By developing a multi-year time series of precipitation, lysimeter, stream, and branch xylem water isotopes, we were able to estimate the seasonal origins of water in key pools and fluxes of the hydrological cycle as well as to generate two different estimates of the proportion of water in these pools and fluxes originating from recent precipitation. Our results demonstrate that lysimeter and stream waters were predominantly comprised of wet-season precipitation, even during dry seasons. However, branch xylem waters demonstrated intra-annual variation in their seasonal origins: xylem waters were comprised of wet-season precipitation during the wet season and dry-season precipitation during the dry season. In contrast with previous studies focusing on the spatial variation in the seasonal origins of water in soils, streams, and trees (Allen et al., 2019; Goldsmith et al., 2022; Martin et al., 2018), our results make use of high-frequency sampling to provide insights into temporal variation. Moreover, lysimeter and stream waters displayed low young and new water fractions compared to branch xylem waters, indicating that plants take up water that is younger than is found in other pools and fluxes. Though theoretical predictions lead us to expect water stored within ecosystems to have different ages than water flowing out of ecosystems, the water taken up by plants is expected to be older than water sustaining streamflow (e.g., Berghuijs and Allen, 2019). Here, we find that water taken up by plants is younger than water sustaining streamflow. The reasons for this difference merit further consideration. Coupling estimates of the seasonal origin index with the young and new water fractions can contribute to resolving the ages of waters transiting through terrestrial ecosystems.

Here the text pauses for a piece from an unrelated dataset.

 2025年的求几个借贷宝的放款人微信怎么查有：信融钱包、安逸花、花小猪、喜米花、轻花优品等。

4.1 Seasonal origins of water in trees and streams and implications for plant rooting depth

The SOI is a measure of the season from which the water in a particular pool or flux originated (Allen et al., 2019). For example, values approaching 1.0 indicate that the sample is mostly comprised of wet-season precipitation. In this study, lysimeter and stream waters display little intra-annual variability in SOIs, and the values estimated were nearly always  0, indicating that these hydrologic compartments were consistently supplied over time by a source of water predominantly comprised of wet-season precipitation. The hillslope and riparian lysimeters display similar SOIs, though the hillslope lysimeter SOI varies slightly more than the riparian lysimeter SOI. One possible explanation for the lack of variation in the riparian lysimeter SOI could be buffering of the water supply by hyporheic exchange.

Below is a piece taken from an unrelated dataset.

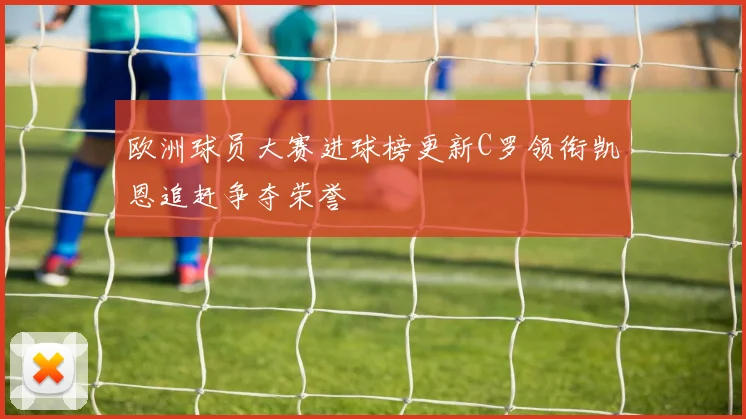 欧洲球员大赛进球榜更新C罗领衔凯恩追赶争夺荣誉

Soil water lysimeters provide an incomplete picture of soil water isotope dynamics. We expect lysimeter water to be held at a higher (less negative) matric potential and therefore to sample a pool of more mobile water than bulk soil water (Goldsmith et al., 2012). However, the lack of intra-annual variability in the lysimeter water SOI suggests that the lysimeters either do not sample pools of mobile water or simply do not sample a significant amount of recent precipitation. The lack of a recent precipitation signal in lysimeter waters could be due to recent precipitation rapidly mixing with large amounts of existing soil water that dilutes the signal, significant soil water mixing at the 1 m depth of sampling (consistent with observations from other tropical Andean watersheds; Lahuatte et al., 2022), or the fact that lysimeter waters were collected over a period of 2 weeks, leading to some temporal averaging in collection alone.

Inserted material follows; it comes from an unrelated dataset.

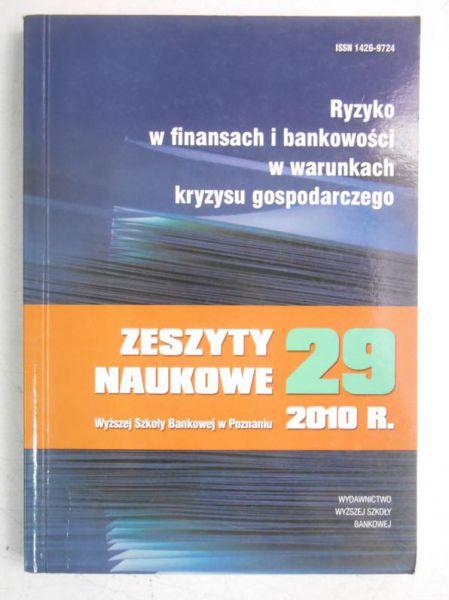 Dylewski Marek (red.) - Ryzyko w finansach i bankowości w warunkach kryzysu gospodarczego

There were differences in the SOI (and δ18O) of the two lysimeters based on their geomorphic position: the lysimeter on the hillslope (Fig. 3; upwards-facing triangles) had a more variable SOI than the lysimeter in the riparian zone (Fig. 3; sideways-facing triangles). In January 2017, we sampled lysimeter and precipitation waters every 4 h and analyzed δ18O (Fig. S4), which provided insight to differences between the two lysimeters. On short timescales, precipitation δ18O was variable. The hillslope lysimeter displayed variable δ18O in response to heterogeneous δ18Oprecip, while the riparian lysimeter remained relatively constant over several days. This could potentially be due to extensive mixing of waters in the riparian zone and comparatively less mixing of waters along hillslopes. The differences in the SOI (and δ18O) between lysimeters on the hillslope and riparian zone may also be due to greater soil water storage at the valley bottom than on the hillslope, similar to what is observed in Andean páramo wetlands (Lazo et al., 2019). Despite the somewhat more variable δ18O in the hillslope lysimeter, it is worth nothing that the hillslope and riparian lysimeter both still exhibit significant dampening of the intra-annual precipitation isotope signal (Fig. 3).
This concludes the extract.